Après tout, la propagation du Coronavirus elle-même a déjà été une source d'atteinte aux droits humains, comme l'a rappelé le rapport spécifique d'Amnesty. Il y a cependant un risque de passer de la violation des droits de l'homme due à l'abandon et à l'absence de l'État, à la violation des droits de l'homme due à l'hyper-présence de l'État dans la vie des citoyens, puisque comme l'a rappelé Erich Köhler dans un État totalitaire, les moindres détails de la vie des citoyens - tels que la religion, les voyages, les relations sociales, les dépenses - sont constamment et méticuleusement réglés, disciplinés, surveillés.

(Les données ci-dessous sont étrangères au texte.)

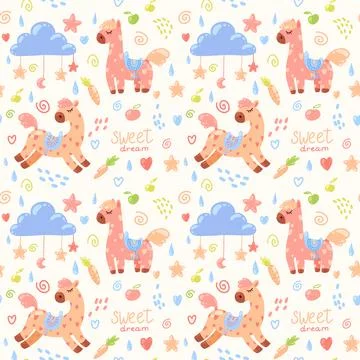 Vector seamless pattern with cute pink horses with red hearts surrounded with Stock Illustration
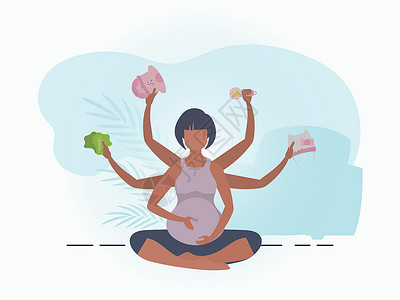 孕妇做瑜伽孕妇瑜伽; 怀孕快乐; 设计时用温和颜色的贺卡或海报; 平面矢量插图插画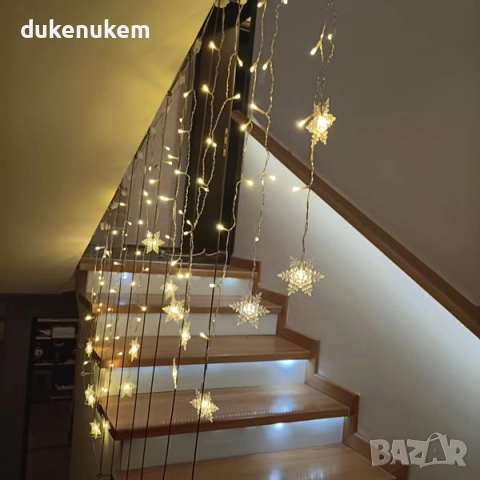 LED светлинна завеса със снежинки – 2 х 1 м, 104 лампички, 8 режима, USB, IP44, снимка 11 - Лед осветление - 51919248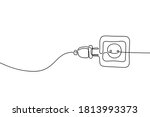 Plug inserting into electric outlet in continuous line art drawing style. Power plug and socket minimalist black linear design isolated on white background. Vector illustration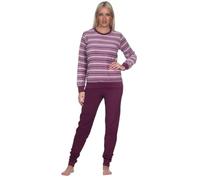 Normann Damen Frottee Pyjama mit Rundhals, Uni Oberteil, Mond, Hose in Ringel-Optik, Lila, 73172, Gr. S 36/38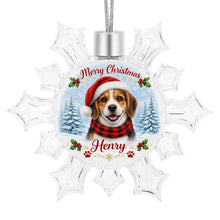 Load image into Gallery viewer, Beagle Ornament - Personalized Snowflake Shaped Christmas Snow Globe Design - with Name-Christmas Ornament-Beagle,Christmas,Personalize Artwork-4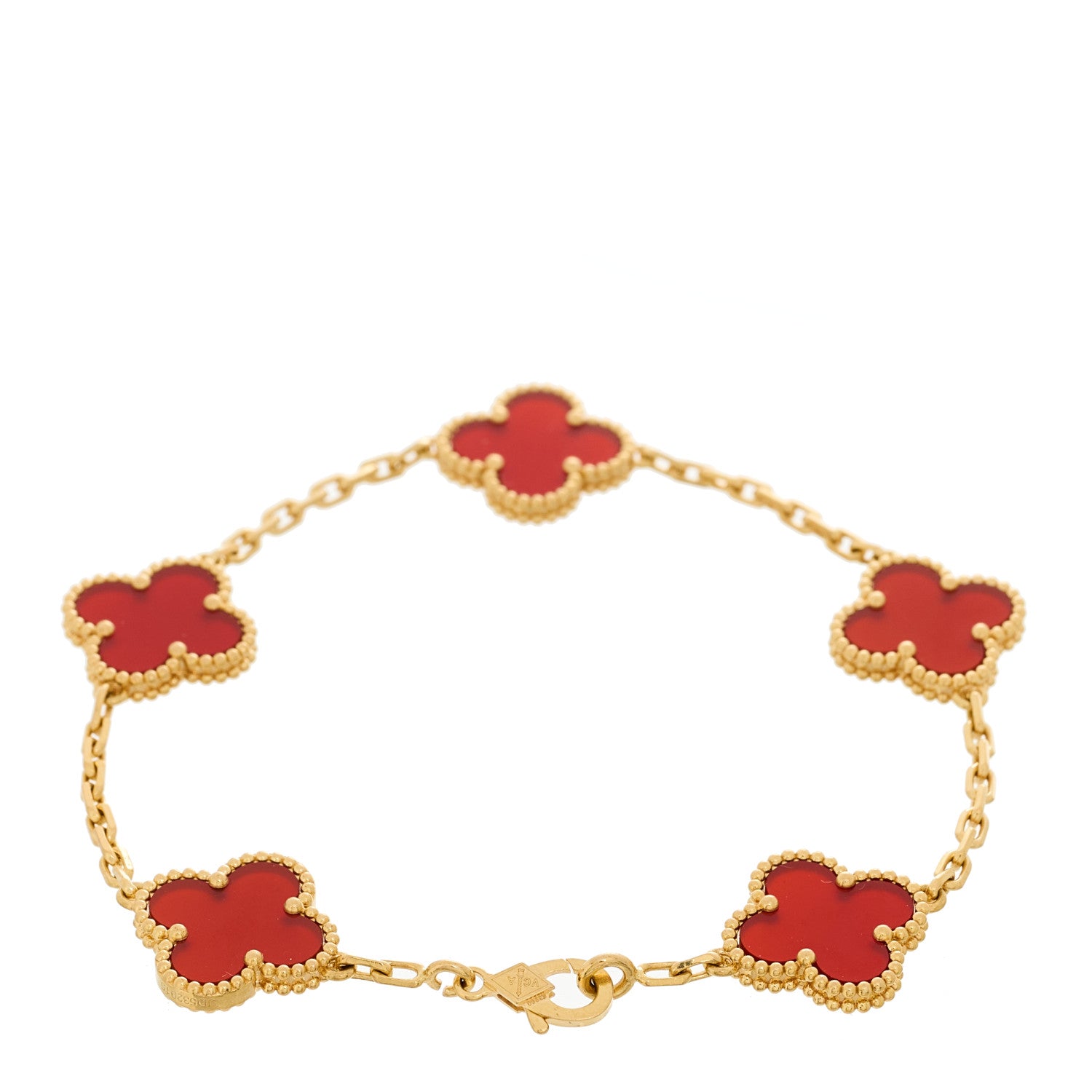 Van Cleef & Arpels 18K Yellow Gold Carnelian 5 Motifs Vintage Alhambra Bracelet 2 of 4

De plus, d'un point de vue bioéthique, la légalisation des pass vaccinal pourrait donner lieu à d'autres problèmes, tels qu'une éventuelle discrimination sur le lieu de travail. En cas de recrutement, par une préférence pour ceux qui ont une immunité certifiée et une exclusion correspondante de ceux qui n'en ont pas. Dans ce sens, d'ailleurs, une nouvelle source de profit illicite pourrait également être créée pour les organisations criminelles impliquées dans la falsification de documents. En outre, il convient de considérer que les droits fondamentaux et constitutionnellement garantis ne peuvent être subordonnés à la délivrance d'un passeport ou de tout autre document délivré par l’Autorité, puisque, s'il s'agit réellement de droits fondamentaux, ils ne sont pas « accordés » par l'État, mais lui préexistant, c'est-à-dire antérieur et supérieur et, en tant que tel, incompressible. Toujours du point de vue bioéthique, le problème se poserait également de savoir qui doit conserver des données aussi sensibles que celles contenues dans un passeport sanitaire et comment ils pourraient éventuellement être également utilisés à des fins autres que celles pour lesquelles ils seraient.